Crisis Grows in Brooklyn- Orgy of Luxury Housing Construction Will Lead to Bank Failures and Abandonment
Dr Mark Naison
Anyone wanting to understand why America's banks are still in trouble need only spend a day driving or walking through the North Brooklyn neighborhoods of Park Slope, Dumbo, Fort Greene, Clinton Hill, Williamsburgh, Greenpoint and Bushwick.
In these now upscale neighborhoods, which less than twenty years ago were considered "marginal" or even blighted, every available inch of vacant land is being filled with luxury condominium towers, most between four and ten stories high, some rising as high as thirty stories above the surrounding landscape.
i am not talking about ten or fifteen buildings. I am talking about hundreds and hundreds of intrusive boxlike structures, some of them astonishing in their ugliness, some of them still in the form of half completed building skeletons, all of them using some form of snob appeal to market themselves to the presumably limitless supply of twenty and thirty something New Yorkers. An advertisement atop one building, pretentiously named "The Azure," located on Classon Avenue, once one of Brooklyn's toughest streets, captures the atmosphere of this new development blitz "Join the Brooklyn Explosion."

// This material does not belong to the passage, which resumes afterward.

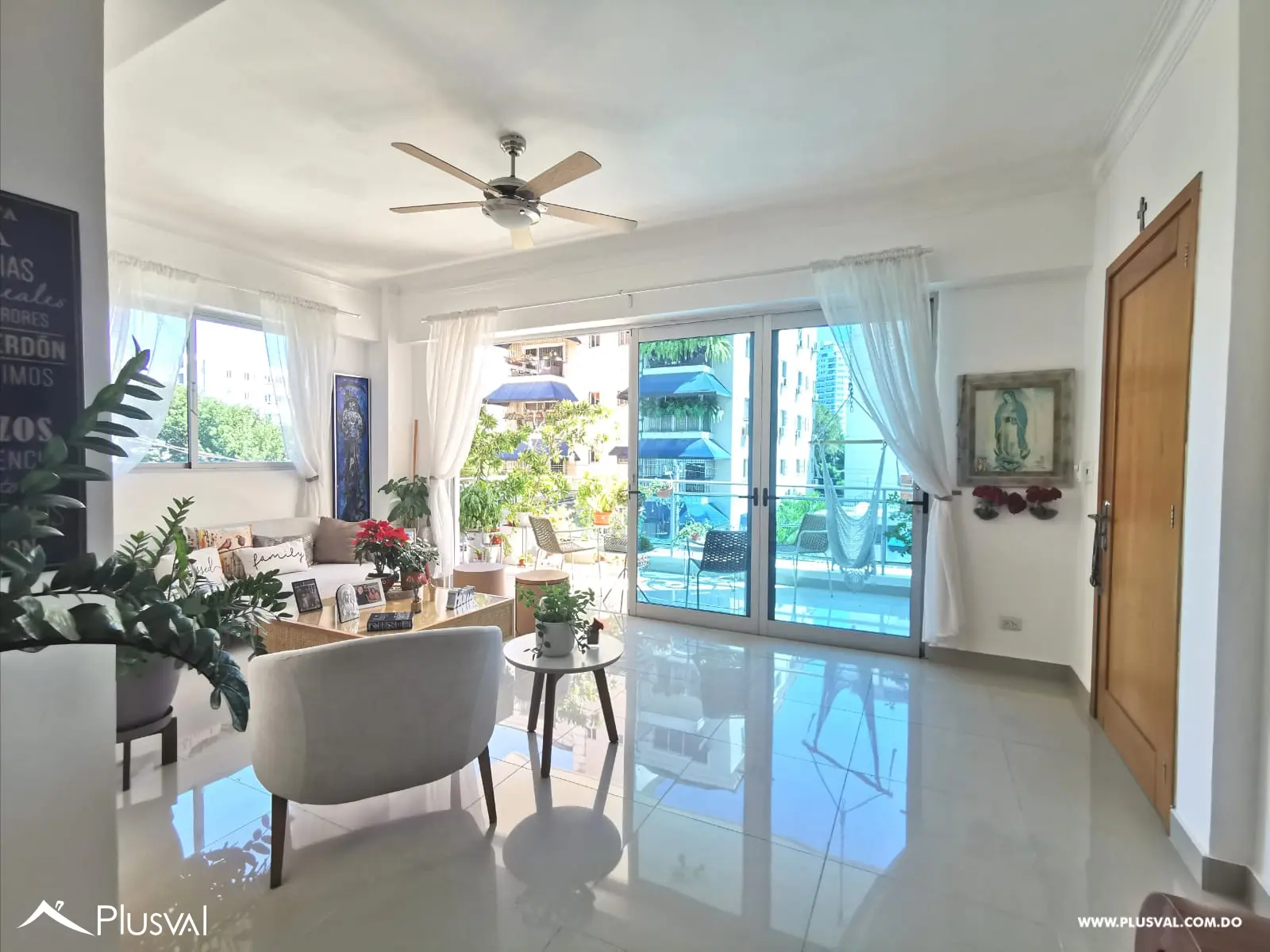 Se vende amplio apartamento con balcon tipo terraza 483769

No urban planner, or at least no urban planner in his or her right mind, could have imagined the scale or intrusiveness of this orgy of construction. The worst examples, at least to my mind, are on a stretch of 4th Avenue between 25 Street and St Marks Place where at least thirty new building have been put up in the last three years, and in the streets adjoining McCarran Park in Greenpoint, where ten new structures have gone up. These buildings tower above everything surrounding them in what were once struggling working class, immigrant neighborhoods, proclaiming the arrogance and the power, of the city's developers, and the incredible wealth of the city's young professionals whose patronage these developers were courting
But none of these buildings, only about two thirds of which are completed, less than half of which are occupied, could have been built without financing from area banks. Hundreds of billions of dollars of credit were extended to developers on the assumption that the economy would keep expanding and that these developers could recoup a tidy profit on their investment
In the current economic crisis, however, what appeared to be shrewd investments are now but the visual markers a coming collapse.

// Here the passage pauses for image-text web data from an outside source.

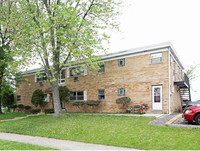 536 S Michigan Ct in Addison, IL - Foto de edificio - Building Photo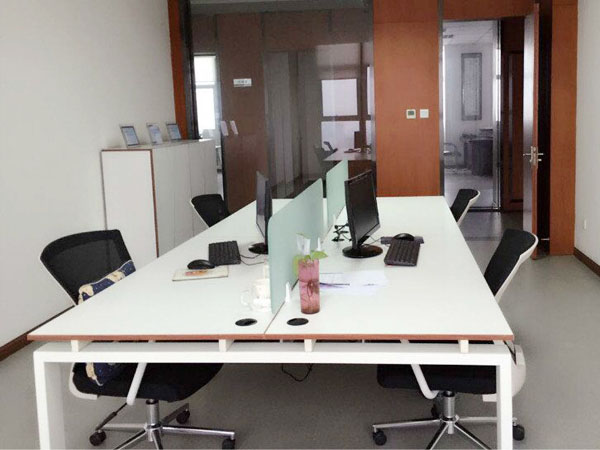辦公家具廠家壹品歐迪關(guān)于辦公家具與地板如何搭配好看的幾點(diǎn)建議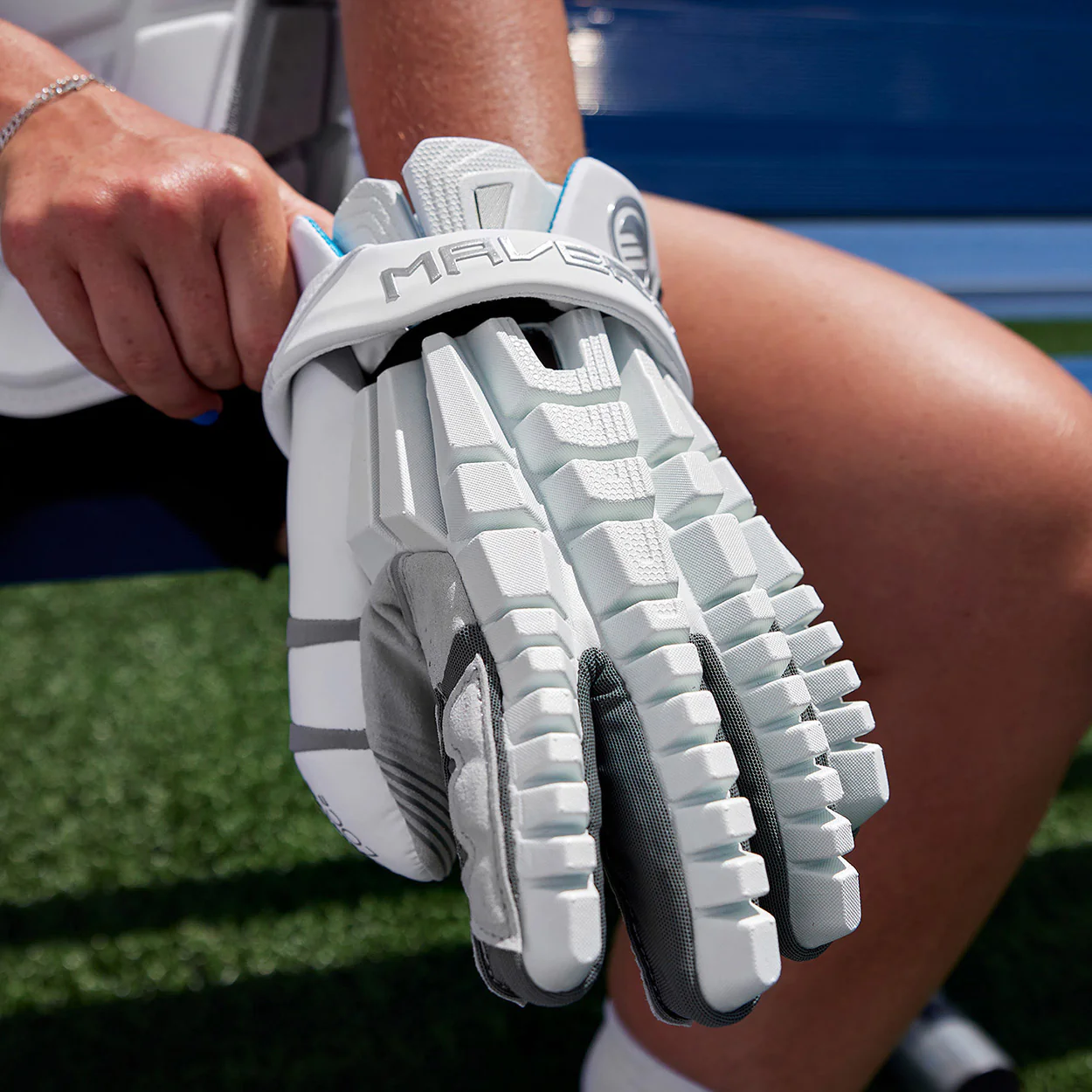 SHIFT GOALIE GLOVE - Image 11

Given the layoffs and bonus reductions that have already occurred on Wall Street, soon to be followed by layoffs and wage freezes other sectors of the city's economy, few of these apartments can be sold at what once were market rates. Many can't be sold at all except at a huge loss.. Faced with pressure of loans they took out in flush times, developers will have to rent out their apartments, but there is no guarantee the rental income will be enough to keep them from defaulting on their loans
Within the following two or three years, we can expect the following to happen
First, the banks who lend this money will now have billions and billions of dollars of new not performing assets on their books, which added to the others they accumulated by investing in home mortgages, will require new government bailouts to prevent them from going under
And second, the Brooklyn neighborhoods which are the site of this new construction will find themselves with
hundreds of partially filled, or even abandoned, residential structures, with un rented commercial spaces on their ground floors, which are prime targets for vandalism and criminal activity.

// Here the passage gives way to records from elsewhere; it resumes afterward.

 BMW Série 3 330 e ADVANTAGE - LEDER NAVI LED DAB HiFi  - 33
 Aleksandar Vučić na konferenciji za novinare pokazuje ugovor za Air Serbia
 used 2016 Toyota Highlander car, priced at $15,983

The Obama administration, understanding that the coming crisis in commercial real estate will be at least as severe as the one in residential construction and home mortgages, is preparing for a new round of bank rescues that could extend into the trillions, but I see no evidence that elected officials in Brooklyn, or in the Mayor's office, are preparing the coming plague of abandoned, unoccupied luxury properties
At a time when the market for that housing has disappeared, city officials need to start preparing to convert many of them into mixed income developments that provide affordable housing for needy families
and to encourage community groups to create youth programs and arts programs in abandoned store fronts.
But we can't leave this to the politicians to figure out for themselves. Converting abandoned or partially occupied luxury housing to socially constructive use must be immediately put on the agenda of political activists, planning departments in area universities, community planning boards, tenant organizations, and community development groups.
We have a chance to turn tragedy into opportunity and perhaps begin to reverse to gentrification of
North Brooklyn neighborhoods, but only if we move quickly and create an agenda for change before the
Because hit it will. There are no longer enough rich young New Yorkers to fill all these building, so lets make sure these properties don't go to waste!